> PROVIDED DATA
--------------------------------
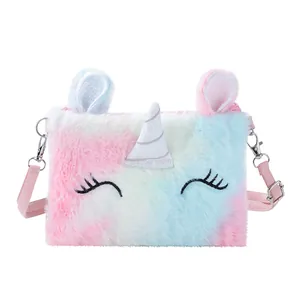 Detail der Einhorn-Schultertasche aus Plüsch mit verstellbarem rosa PU-Riemen
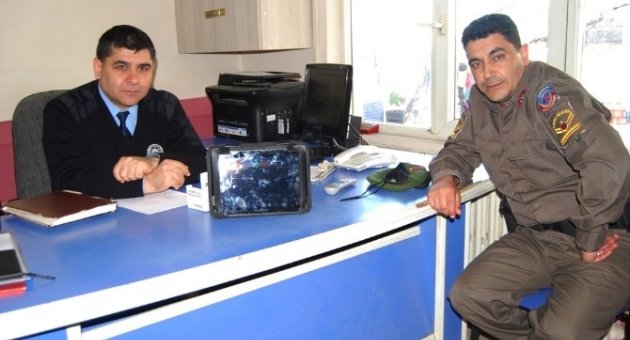 Jandarma Yolda Bulduğu Bilgisayarı Polise Teslim Etti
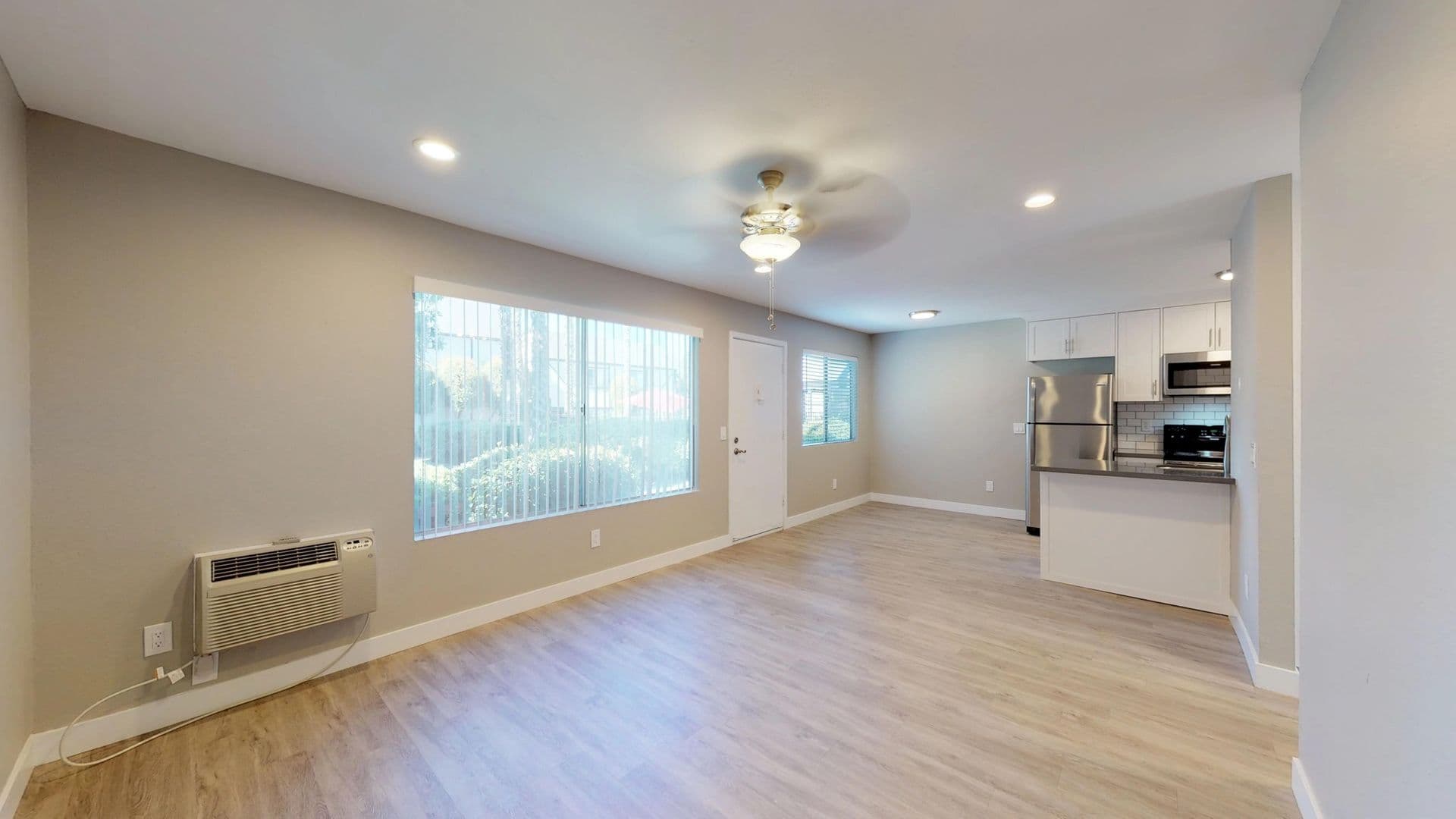 El Cajon Apartment: 1397 E. Washington Ave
--------------------------------
> WHAT IS NEEDED
Reproduce the material exactly; omit the pictures.

> THE COMPLETED TASK
 Detail der Einhorn-Schultertasche aus Plüsch mit verstellbarem rosa PU-Riemen
 Jandarma Yolda Bulduğu Bilgisayarı Polise Teslim Etti
 El Cajon Apartment: 1397 E. Washington Ave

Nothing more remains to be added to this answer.